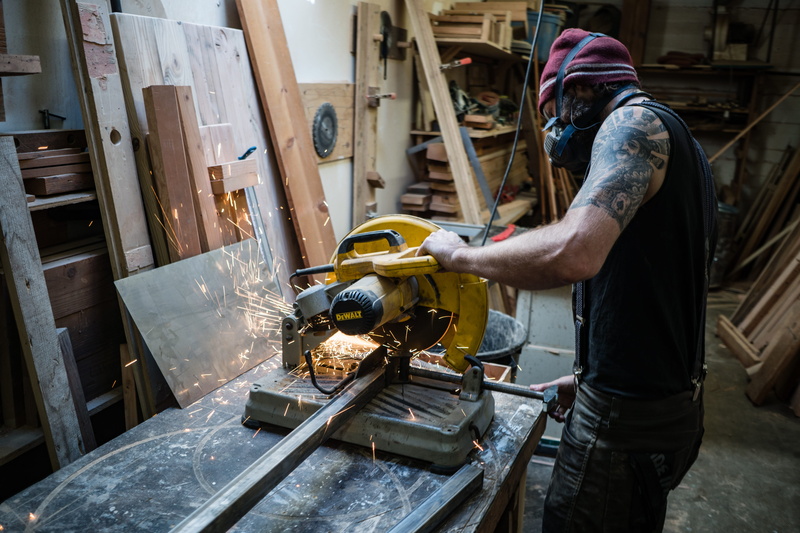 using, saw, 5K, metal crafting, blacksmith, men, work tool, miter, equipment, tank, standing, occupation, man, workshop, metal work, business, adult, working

--

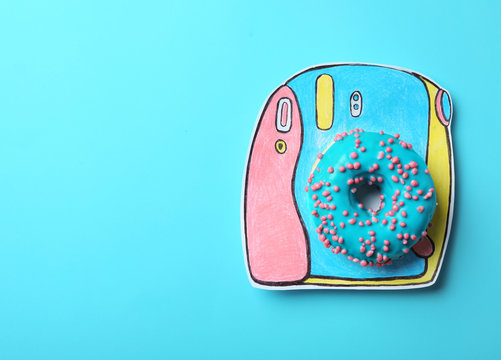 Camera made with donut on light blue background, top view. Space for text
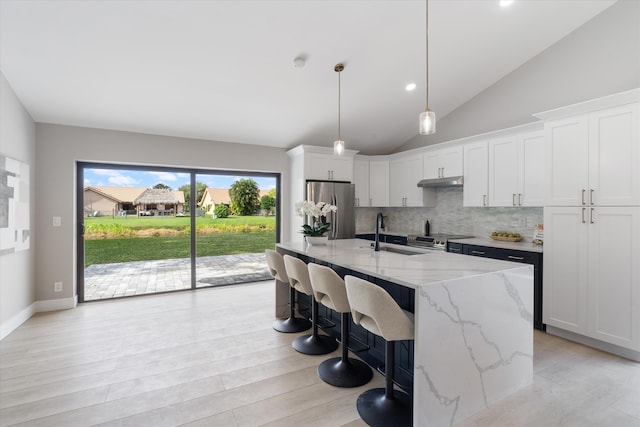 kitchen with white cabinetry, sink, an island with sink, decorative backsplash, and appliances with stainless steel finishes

==

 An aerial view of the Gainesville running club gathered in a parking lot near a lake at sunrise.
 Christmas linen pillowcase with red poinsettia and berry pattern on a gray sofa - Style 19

◆ Task to complete
Output exactly the lines above, beginning at the one with "Camera made with" and stopping after the one with "kitchen with white". Pictures are to be omitted.

◆ Result of the task
 Camera made with donut on light blue background, top view. Space for text
 kitchen with white cabinetry, sink, an island with sink, decorative backsplash, and appliances with stainless steel finishes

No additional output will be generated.